I had a long week last week. I started a new job a few weeks ago and it has had me stressed. Many of life’s obstacles have been thrown at me recently and the combination of the two plus a family equals a delirious state of mind.

I had just had a horrible day, the day before my incident…and I was in a hurry at 7:00am to be done with my day that hadn’t even started.

As I walked to my first class I was ready to unlock the door. Because I have 4 classrooms I have a lot of keys hanging around my neck. I choose to carry my car key as well. I approached my door and pointed my key and pushed the “unlock” button. After 3 pushes of the button and no success, I laughed at myself. I was trying to open my classroom door with my car key’s alarm! How insane. I was so stressed and tired I really had no clue that I was being a complete idiot, it actually took 3 pushes of the button before I realized. I laughed and it made my day go a little smoother.

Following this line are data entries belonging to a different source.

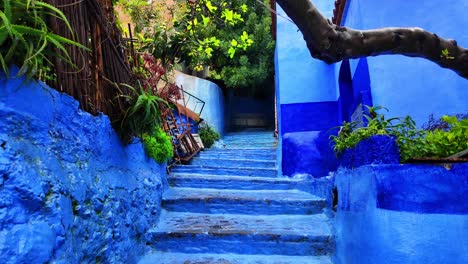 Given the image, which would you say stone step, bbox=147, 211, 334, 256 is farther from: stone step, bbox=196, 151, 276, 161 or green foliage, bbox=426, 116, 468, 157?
stone step, bbox=196, 151, 276, 161

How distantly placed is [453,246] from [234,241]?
1.49 meters

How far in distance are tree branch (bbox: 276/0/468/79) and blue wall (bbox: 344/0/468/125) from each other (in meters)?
0.83

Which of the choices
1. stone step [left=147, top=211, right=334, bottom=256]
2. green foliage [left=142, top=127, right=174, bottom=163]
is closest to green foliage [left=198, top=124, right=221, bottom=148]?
green foliage [left=142, top=127, right=174, bottom=163]

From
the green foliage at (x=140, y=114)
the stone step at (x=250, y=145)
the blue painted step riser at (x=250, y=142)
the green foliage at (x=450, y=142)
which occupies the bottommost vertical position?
the stone step at (x=250, y=145)

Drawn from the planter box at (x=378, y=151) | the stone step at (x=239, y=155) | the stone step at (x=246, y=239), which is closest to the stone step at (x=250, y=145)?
the stone step at (x=239, y=155)

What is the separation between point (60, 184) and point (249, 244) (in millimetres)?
1558

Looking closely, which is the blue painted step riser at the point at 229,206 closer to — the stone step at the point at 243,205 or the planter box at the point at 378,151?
the stone step at the point at 243,205

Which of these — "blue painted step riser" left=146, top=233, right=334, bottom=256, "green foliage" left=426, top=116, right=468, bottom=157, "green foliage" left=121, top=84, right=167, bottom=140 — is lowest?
"blue painted step riser" left=146, top=233, right=334, bottom=256

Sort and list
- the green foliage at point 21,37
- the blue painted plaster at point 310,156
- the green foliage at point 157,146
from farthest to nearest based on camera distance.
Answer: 1. the blue painted plaster at point 310,156
2. the green foliage at point 157,146
3. the green foliage at point 21,37

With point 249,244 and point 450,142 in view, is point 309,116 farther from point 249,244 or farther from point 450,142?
point 450,142

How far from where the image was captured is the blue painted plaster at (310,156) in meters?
4.15

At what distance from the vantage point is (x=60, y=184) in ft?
4.52

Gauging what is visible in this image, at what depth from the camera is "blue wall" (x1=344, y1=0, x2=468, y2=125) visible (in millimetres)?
2512

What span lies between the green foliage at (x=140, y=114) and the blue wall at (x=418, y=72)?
6.36 feet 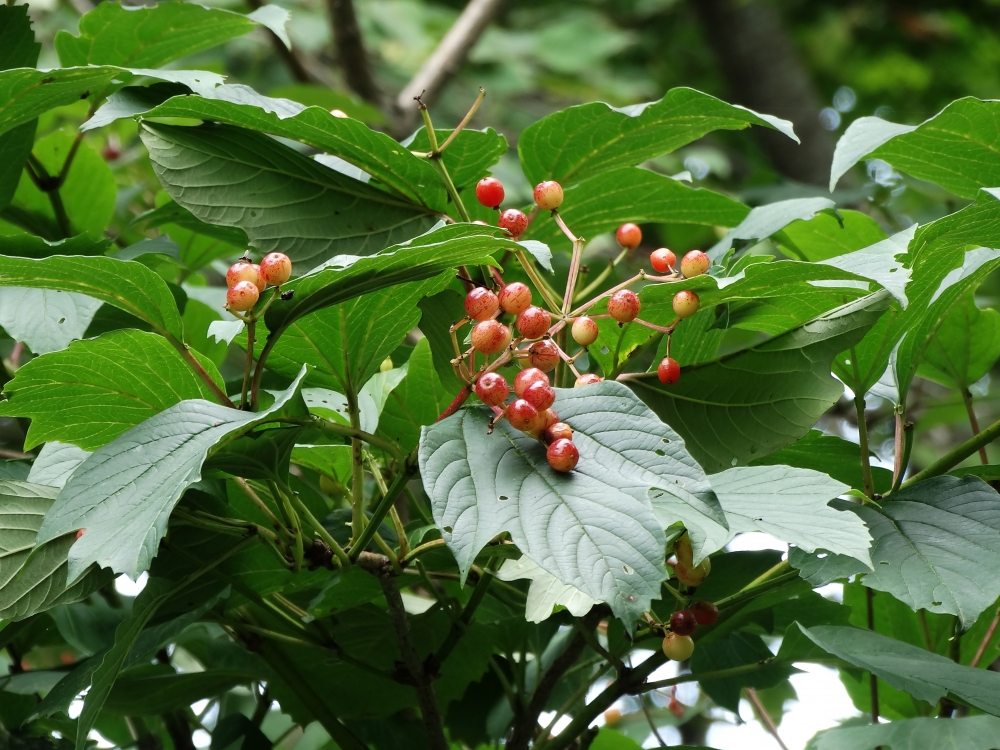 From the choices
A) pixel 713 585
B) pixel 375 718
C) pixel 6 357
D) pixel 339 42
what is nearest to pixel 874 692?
pixel 713 585

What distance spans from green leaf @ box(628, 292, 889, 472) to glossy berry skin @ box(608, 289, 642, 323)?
9cm

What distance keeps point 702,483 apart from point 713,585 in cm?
31

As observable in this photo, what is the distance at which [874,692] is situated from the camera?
2.92ft

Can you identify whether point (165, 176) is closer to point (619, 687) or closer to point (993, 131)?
point (619, 687)

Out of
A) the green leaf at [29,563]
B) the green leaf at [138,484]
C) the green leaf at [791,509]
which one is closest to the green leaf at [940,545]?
the green leaf at [791,509]

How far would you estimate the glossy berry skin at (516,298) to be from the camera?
645 millimetres

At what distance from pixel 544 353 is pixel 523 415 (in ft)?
0.20

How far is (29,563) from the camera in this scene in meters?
0.70

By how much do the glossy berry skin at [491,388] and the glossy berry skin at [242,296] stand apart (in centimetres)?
16

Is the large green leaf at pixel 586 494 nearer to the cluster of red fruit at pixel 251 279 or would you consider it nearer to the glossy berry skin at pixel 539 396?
the glossy berry skin at pixel 539 396

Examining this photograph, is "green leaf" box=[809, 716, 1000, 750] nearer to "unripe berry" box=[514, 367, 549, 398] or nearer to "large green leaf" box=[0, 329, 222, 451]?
"unripe berry" box=[514, 367, 549, 398]

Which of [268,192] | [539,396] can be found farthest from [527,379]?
[268,192]

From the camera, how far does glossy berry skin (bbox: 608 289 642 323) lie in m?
0.68

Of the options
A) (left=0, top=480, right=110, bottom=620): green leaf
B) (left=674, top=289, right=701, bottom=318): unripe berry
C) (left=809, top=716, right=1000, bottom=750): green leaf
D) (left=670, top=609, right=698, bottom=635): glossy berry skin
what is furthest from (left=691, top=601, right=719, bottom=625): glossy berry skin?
(left=0, top=480, right=110, bottom=620): green leaf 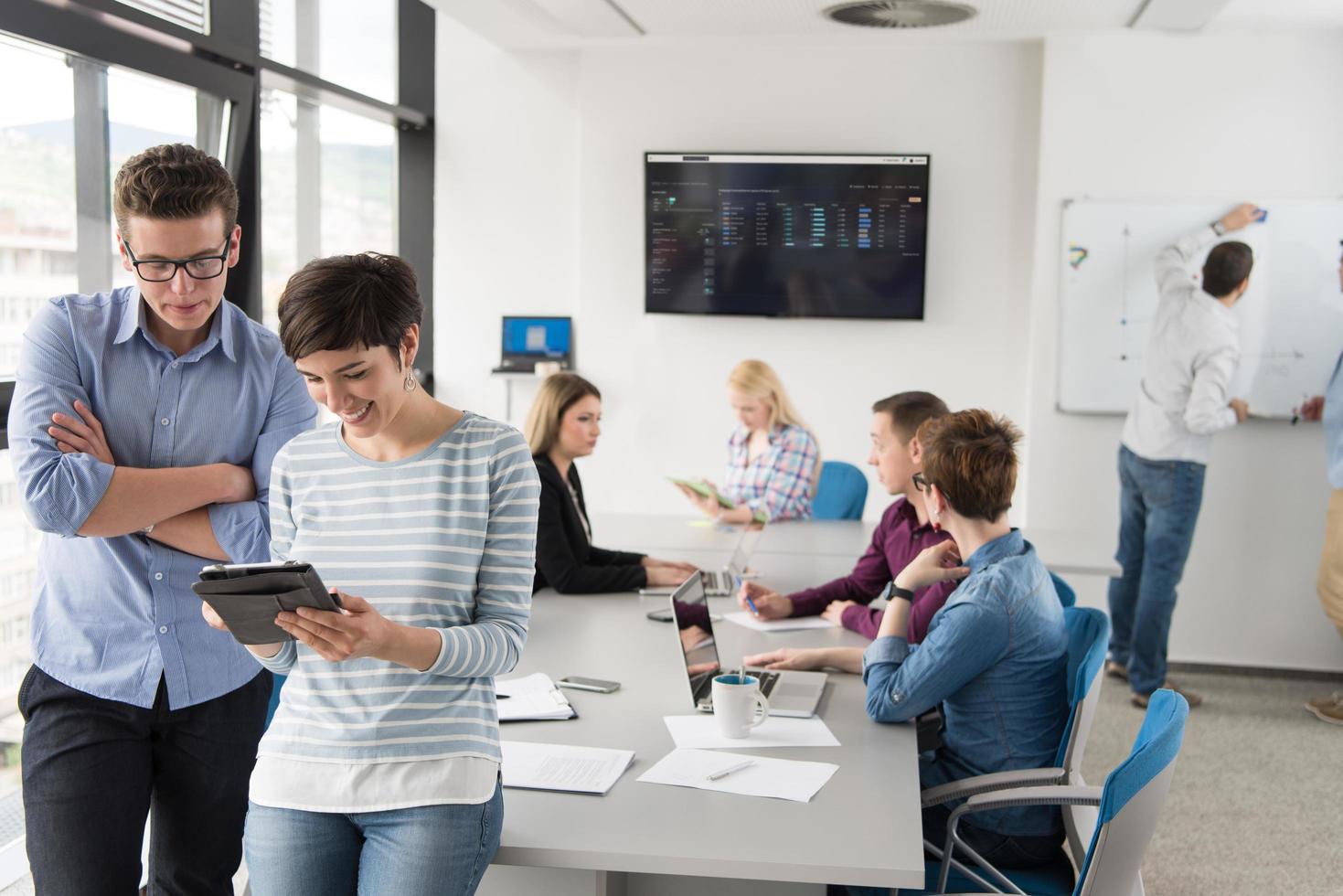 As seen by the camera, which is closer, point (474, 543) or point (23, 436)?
point (474, 543)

Take life and have fun with it. This is what I have learned.

Perseverance

So I have been going to college for some time now…some 9 years with a small break that was in the middle. I thought I wanted to be a Psychologist until I took my intro to Psych classes! What a drag, and everyone in class seemed to be there to get some kind of free session! I had to get out. And eventually I decided to go with English. I love to write, I like to read and I am good at it. However, it has been quite painful. The job I anticipated getting for so long has now welcomed me with open arms and I want to shove it down the drain. I am frustrated, annoyed, and stressed from the lack of appreciation of not only my time, but my most valuable mind. I have spent the last 9 years of my life, preparing to be treated like a piece of crap. But I plan to persevere. I plan to move forward, because I have yet to accomplish my life goal. This moment in life, a learning experience it is, SUCKS!